GIVEN RECORDS:
——
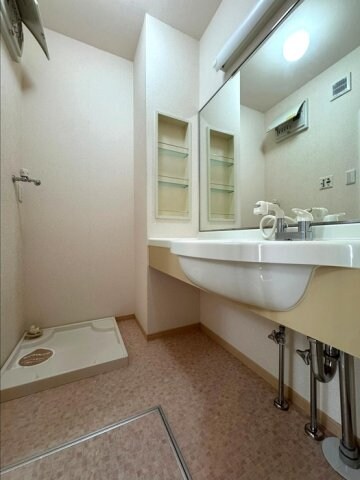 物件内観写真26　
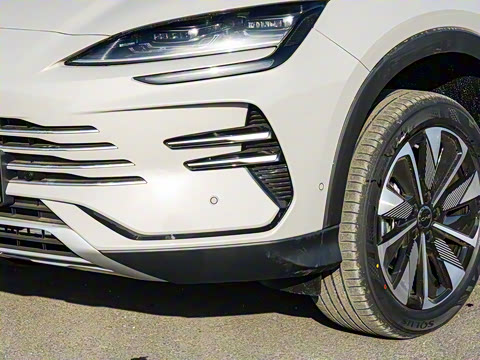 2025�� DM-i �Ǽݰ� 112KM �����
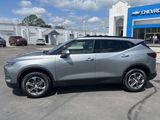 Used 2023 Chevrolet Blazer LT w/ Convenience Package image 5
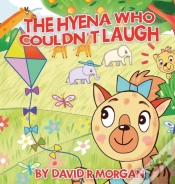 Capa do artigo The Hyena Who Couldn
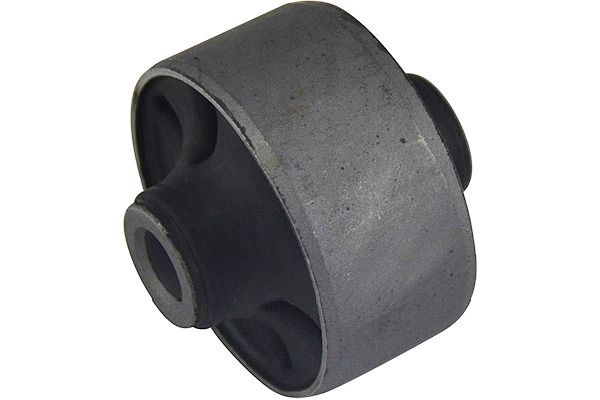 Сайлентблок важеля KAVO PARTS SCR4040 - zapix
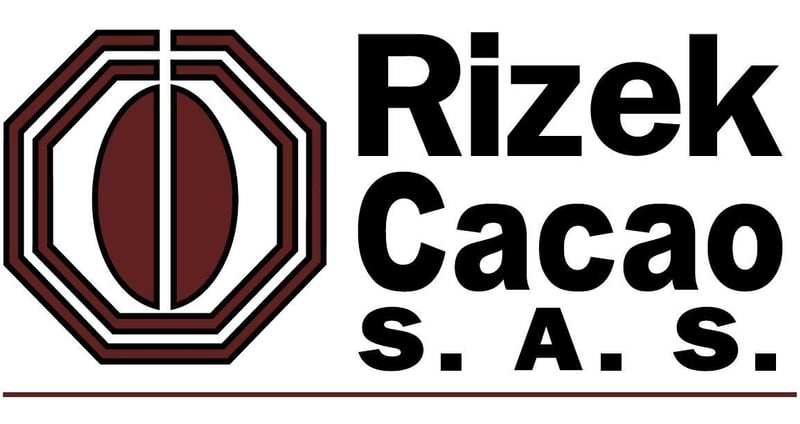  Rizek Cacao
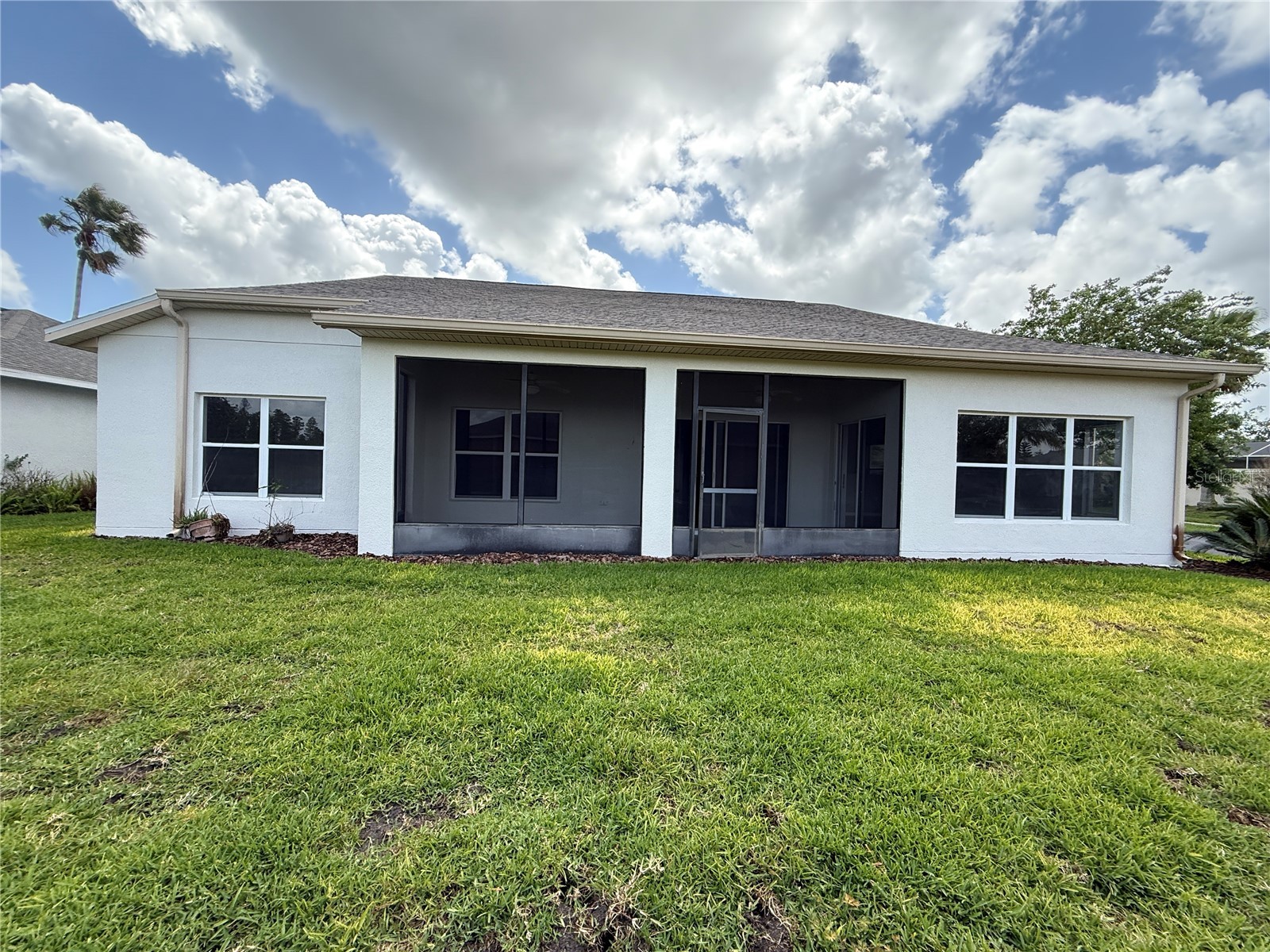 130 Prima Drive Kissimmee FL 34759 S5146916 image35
——
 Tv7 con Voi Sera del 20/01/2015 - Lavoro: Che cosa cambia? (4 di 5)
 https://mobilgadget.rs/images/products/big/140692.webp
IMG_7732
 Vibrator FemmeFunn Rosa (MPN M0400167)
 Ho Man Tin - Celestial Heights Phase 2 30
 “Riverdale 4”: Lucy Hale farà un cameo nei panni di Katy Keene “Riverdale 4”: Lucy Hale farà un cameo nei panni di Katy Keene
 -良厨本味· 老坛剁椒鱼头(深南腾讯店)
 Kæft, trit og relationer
——
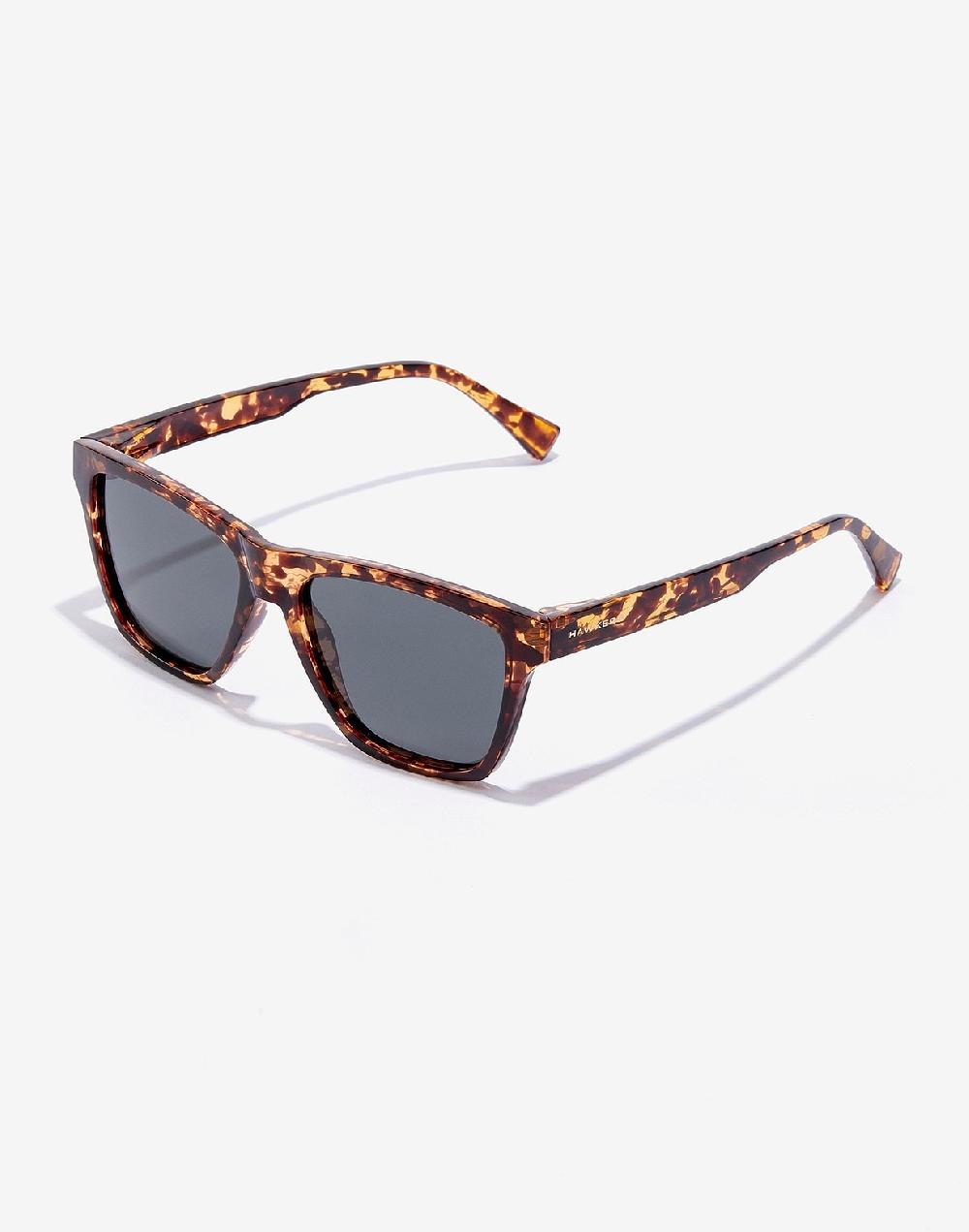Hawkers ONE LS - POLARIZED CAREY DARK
——
TASK: From the listing above, repeat only the lines between the line containing "Rizek Cacao" and the line containing "130 Prima Drive", those two included. Pictures are not part of the copy.

RESULT BELOW:
  Rizek Cacao
 130 Prima Drive Kissimmee FL 34759 S5146916 image35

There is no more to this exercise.